I am not sure how people have stood being around me this week, my back has almost been out, you know that catch you can get and if you move wrong your in pain? That is how mine has been:(
Monday was in office a lot which does not help it, I took some flexerill which normally do not affect me, other then help with spasms, but this week it turned me into a real Bear:) I could not stand my self, I had several deals go haywire, had to read ajust them to make them work, had a HUD deal that sent me over the edge, wish I could say I handled it calmly, but I was fit to be tied. Anyone I had to deal with knew my displeasure in no uncertain terms, no doubt I was flat mad.
Then April and I had some come to Jesus talks, one day I told Steve just go do his work, I would do mine that I would do it alone.....poor Steve, but it was for his on safety:))) On Wed. I had lunch with my brother and his wife to plan the Roger's reunion this April, which will be a wonderful time having our Roger's family together:)
Getting invites out this week:)
Went to home group Thursday night and enjoyed it so much,help me refocus, then Friday am got up real early like 5am and went to a breakfast with some of my class mates,
I enjoyed that so much, worked the rest of day. Got deals worked out:) Sean, Sarah, Cole and Anna came over Saturday night and we celebrated Cole's fourth Birthday:)
The cake was totally something, you could eat the horse and cow boy and belt buckle that said Cole!
Cole told Sarah, IM so pacited, I bout to have heart tack:) He is so stinking cute! Sean did crawlfish and catfish, fried, huspuppies for dinner, the kids that could came over and it was a good time, then we watched Medea, probably not spelled right:) It was a good movie, great msg. felt like I had been to church!
In which, I did go to Journey church today, wow, it was such a anointed worship time and the msg. hit home, Alex is starting a series on "we are made in the image of God" probably not his title, but my title:) it is going to be good, I can tell:) God said in Gen. he made man in OUR image, which is the Father, Son and Holy Spirit, to think we are made in that image is mind blowing, esp. when I acted like I did all week, thankful for repentance, in which I had to apologize several times, and Grace:).....now going to show property this afternoon, hope to sell it! Writing a offer tonight, a HUD house, which means it is banked owned, these drive me insane, but you got to do what you got to do in this business to help people out:)
Looking forward to some time with my Sweetie for Valentine's, we are suppose to go stay in a suite and have dinner at a steakhouse, then play golf:( he will love it:) be back Friday. I will love room service, alone time and if it is pretty like being outside:) If it snows we will just cancel our room and stay here and enjoy the snow:) I missed the last snow.
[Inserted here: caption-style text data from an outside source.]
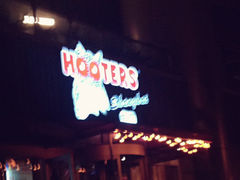 门面-Hooters猫头鹰餐厅(淮海路店)
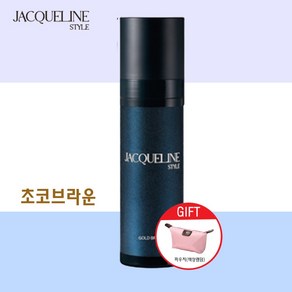 재클린 스타일 헤어 염색제 200ml+파우치, 초코1개+파우치가방1개, 1개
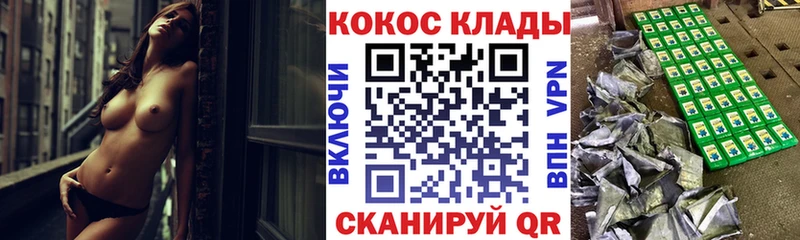 COCAIN Боливия  Пущино 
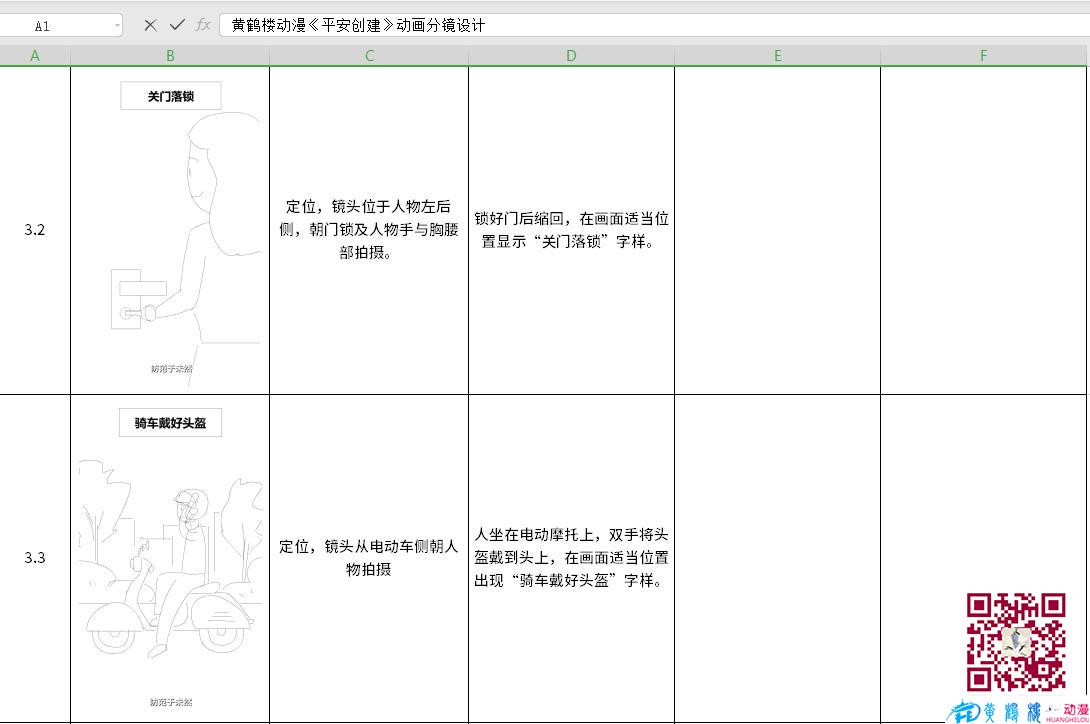 MG動(dòng)畫制作《平安創(chuàng)建寧鄉(xiāng)》政務(wù)公益動(dòng)漫宣傳片分鏡設(shè)計(jì)三.jpg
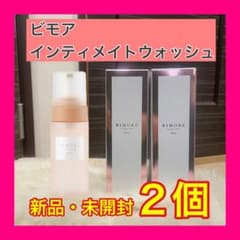 BIMORE インティメイトウォッシュ 2個 新品・未開封のサムネイル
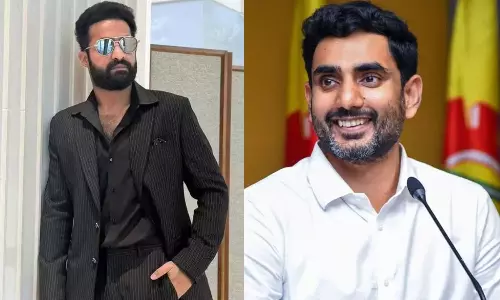 లోకేష్‌కు తారక్ విషెస్: ‘హ్యాపీ బర్త్ డే బావా’.. వైరల్ అవుతున్న ఎన్టీఆర్ ట్వీట్!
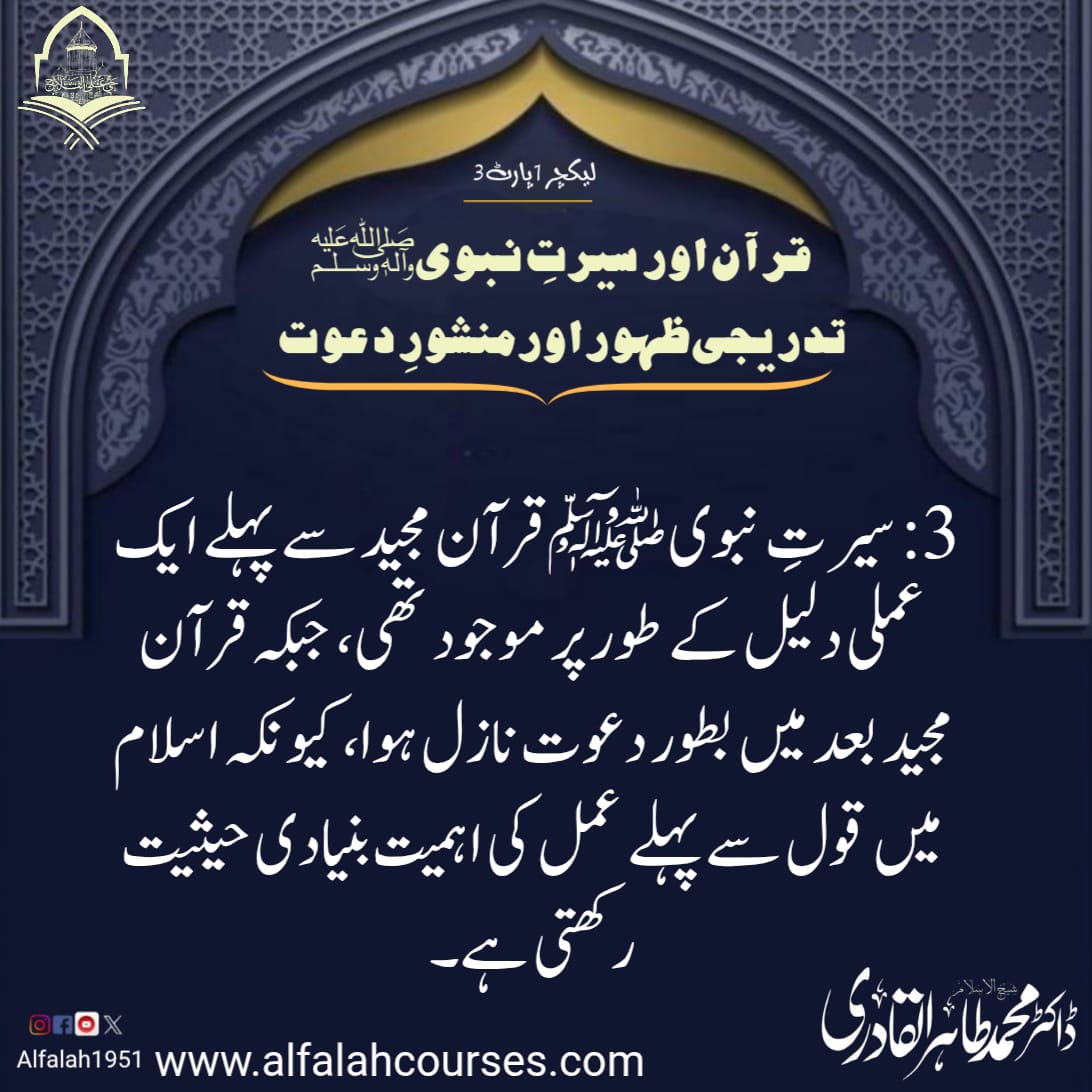 Alfalah1951's tweet photo. #حی_علی_الفلاح
#حُسنِ_خلق_سیریز (سوئم)
#لیکچر1، #پارٹ3
#alfalah1951
#islamiclearningcoruses
https://t.co/SVh7tjquHU https://t.co/cg4e6XNPsI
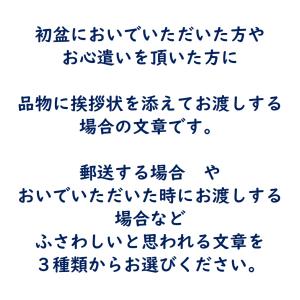 初盆・新盆・お礼状 カード 10枚(はがきサイ...の詳細画像1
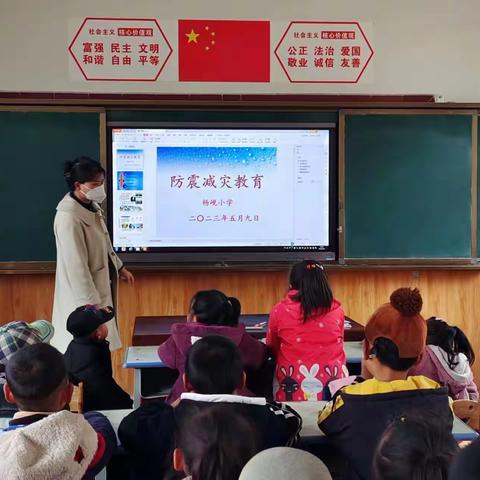 警钟长鸣，防患于未然——杨岘小学防震减灾演练纪实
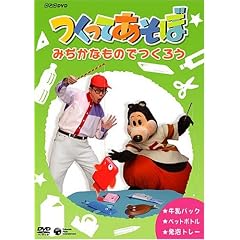NHKDVD �����Ă����� �݂����Ȃ��̂ł��낤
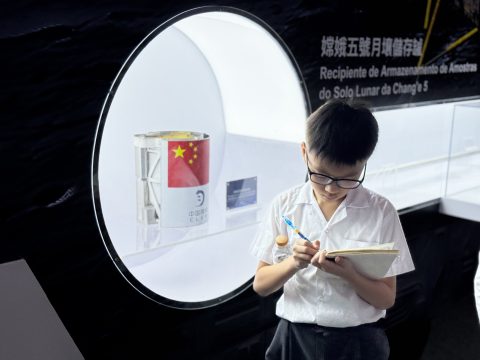 小學中文部六年級學生參觀科學館 - 2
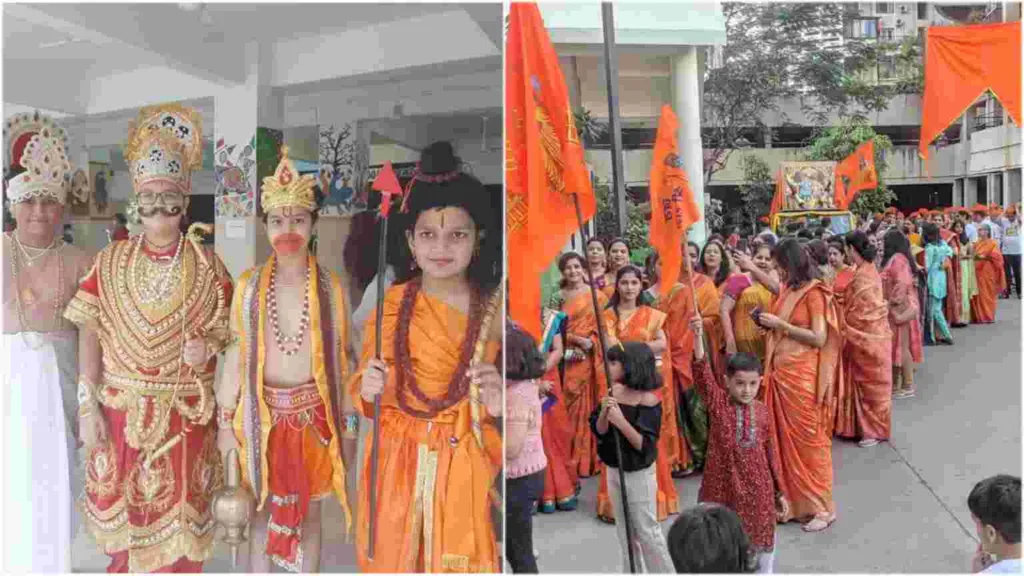 Ram Mandir Consecration Ceremony : Pimpri Chinchwad societies hold various programmes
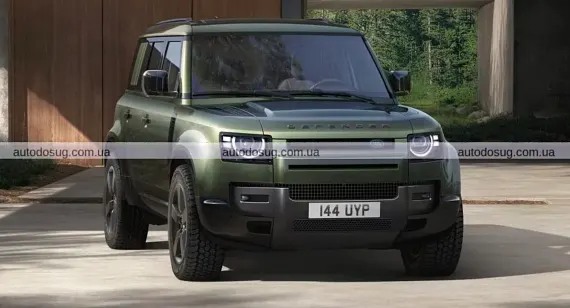 Land Rover оновлює Defender 2026 та покращує стиль, технології та продуктивність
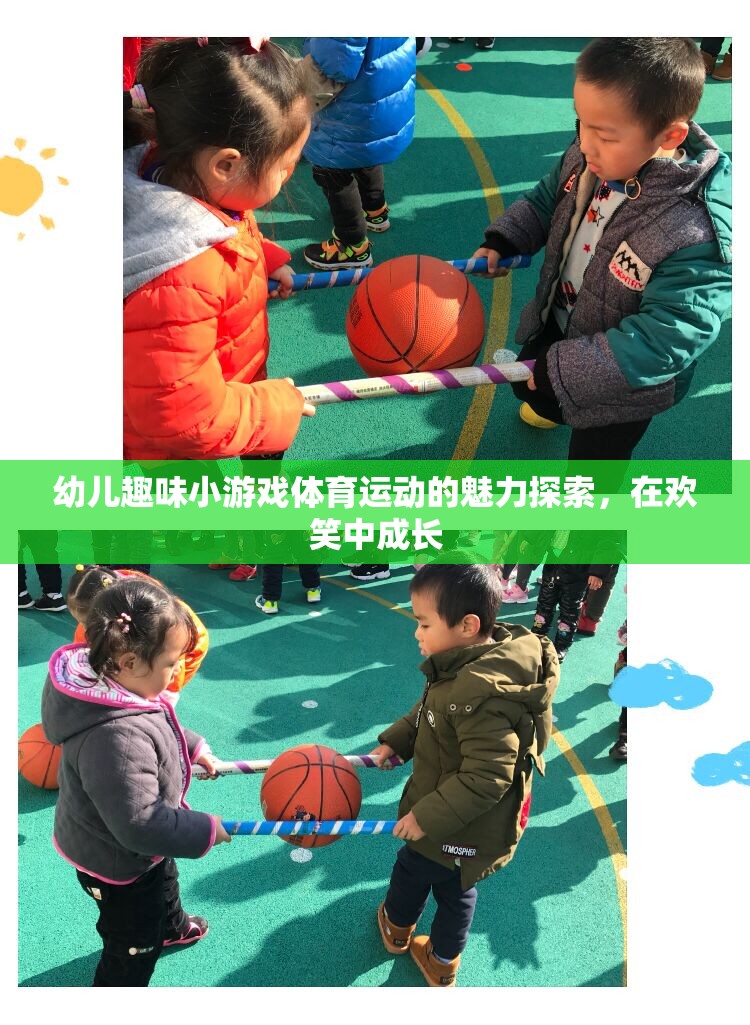 在歡笑中成長(zhǎng)，幼兒趣味小游戲的體育魅力探索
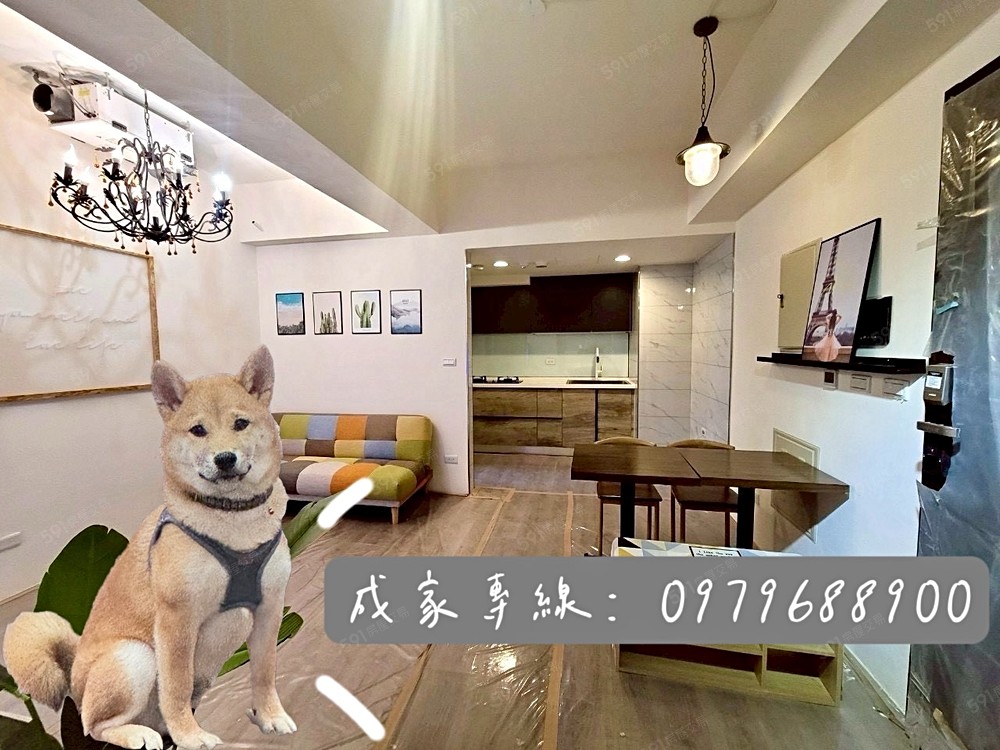 房屋圖片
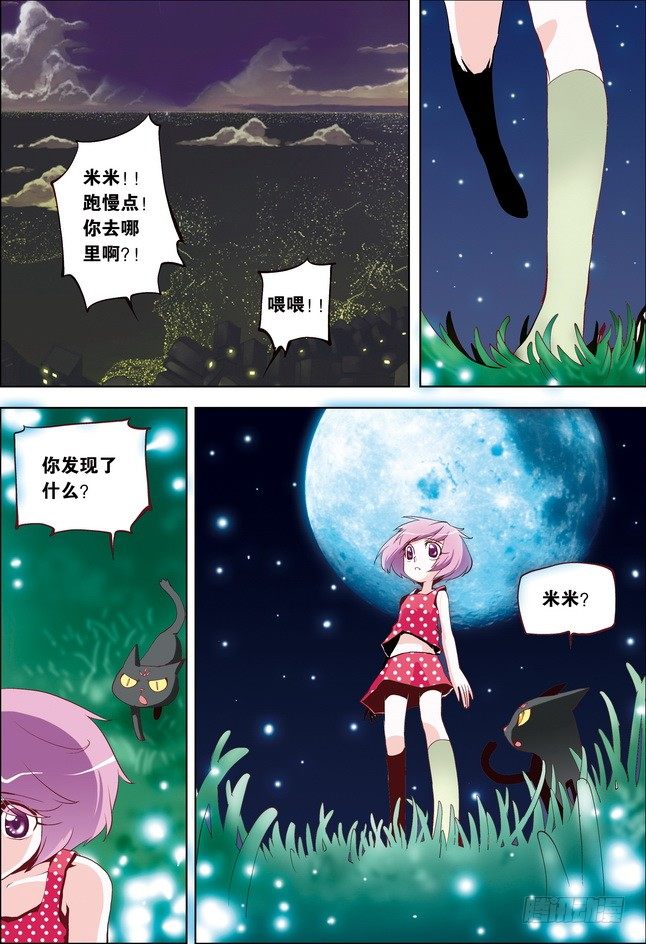 第13课4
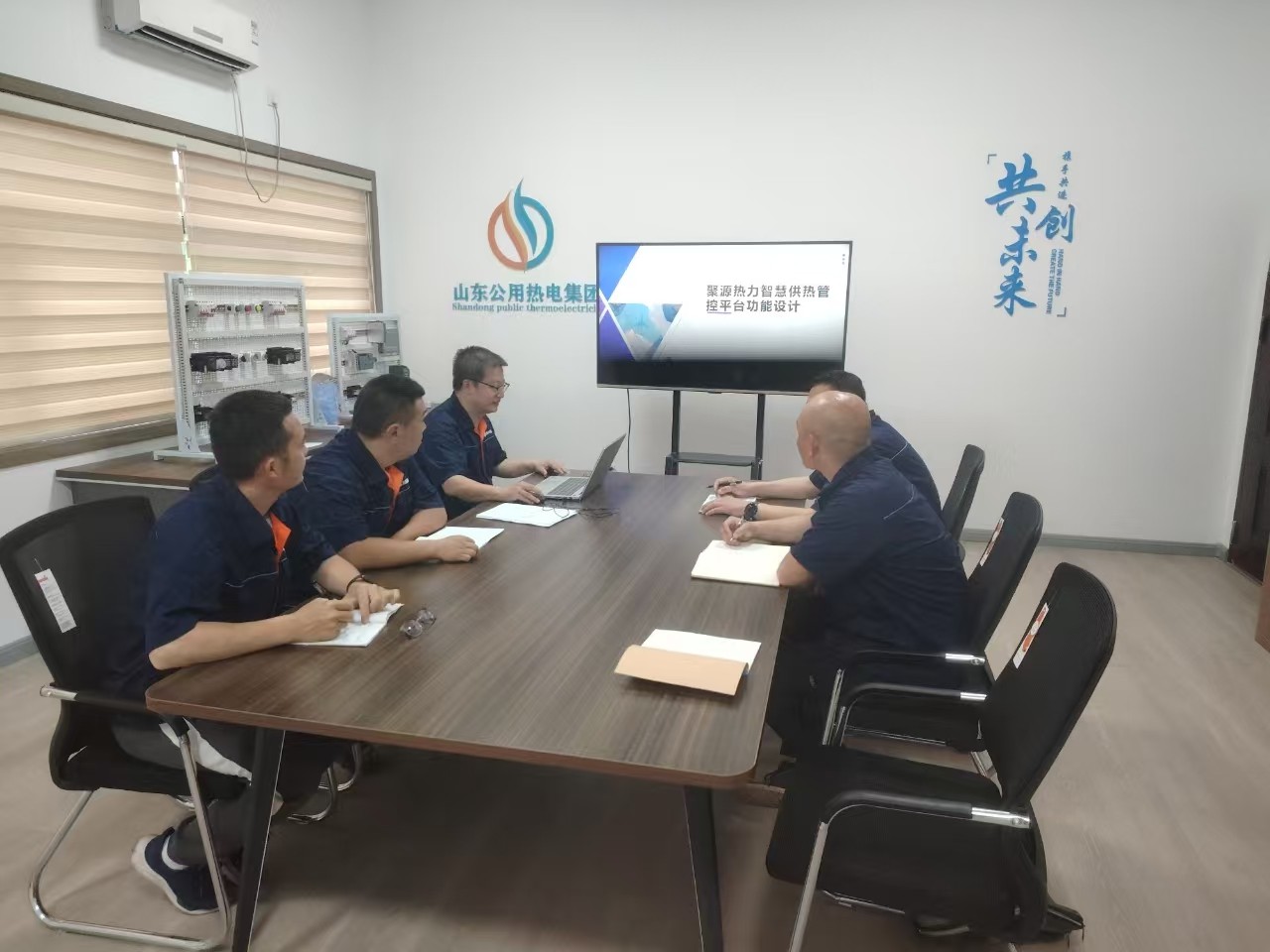 山東聚源熱力有限責任公司召開創(chuàng)新技術研討會聚焦換熱站AI及節(jié)電技術研發(fā)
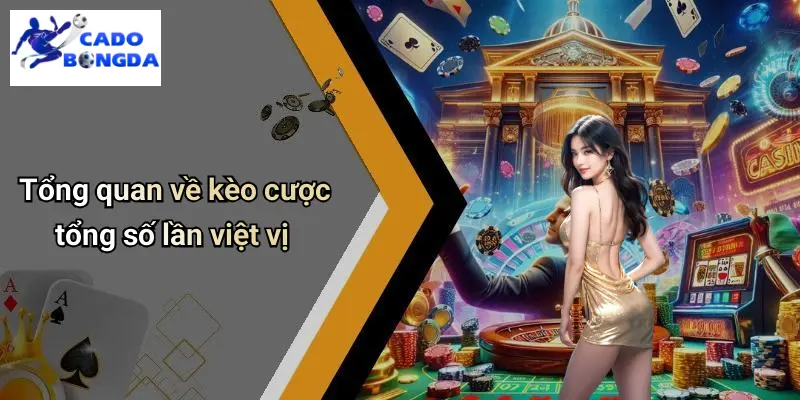 Kèo Cược Tổng Số Lần Việt Vị: Mẹo Soi Kèo Hiệu Quả 1 Kèo Cược Tổng Số Lần Việt Vị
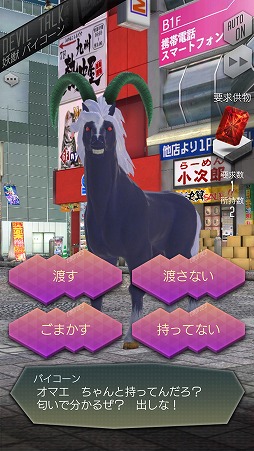 画像ギャラリー No.036のサムネイル画像 / 「D×2 真・女神転生リベレーション」悪魔との交渉や悪魔合体など,シリーズお馴染みのシステムが満載。βテストレポートをお届け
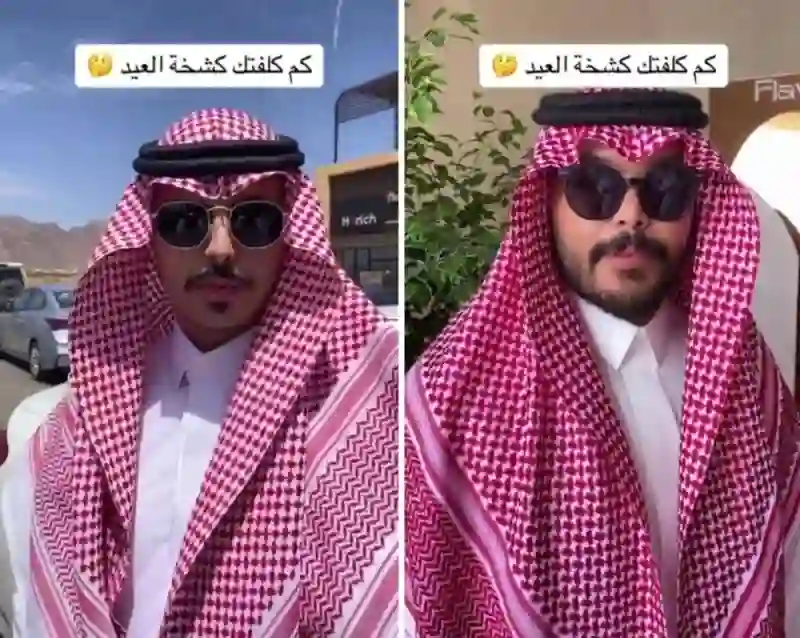 الفرق في تكلفة كشخة العيد للمواطنين بين الرياض وجدة 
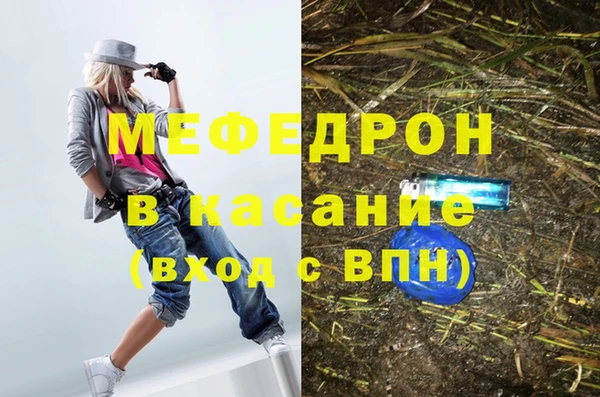 мефедрон Ладушкин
The cemetery sent me a pic of mother's head stone it is engraved now:) Walt's marker which is solid something, so heavy you can not budge it, is suppose to be back at the correct site of his ashes. I will go by this week and check:) I am thankful to sorta have all mother's business coming to a end, it brings me to tears still, I still have the things in the white trailer of hers, it was things that was left in her home once Kay and I got the things we wanted, so not even sure what to do with it all, its still so emotional for me, and if something does not go right, I get fighting mad:(((( like the cemetery deal. SO I know I am still in the angry part of grief, time to move forward:) just wish I could speed it up, I think I have then like today, I just really miss her, think back over her last week and have some anger at how her week was, thankful she did not know. Wish I could not remember it, still have issues as you can see. I love her and miss her beautiful self:)
Gotta run, it will be a busy first of week, then a Romantic Valentine's day and busy weekend with work:) Hugs to all and Happy Valentine's day!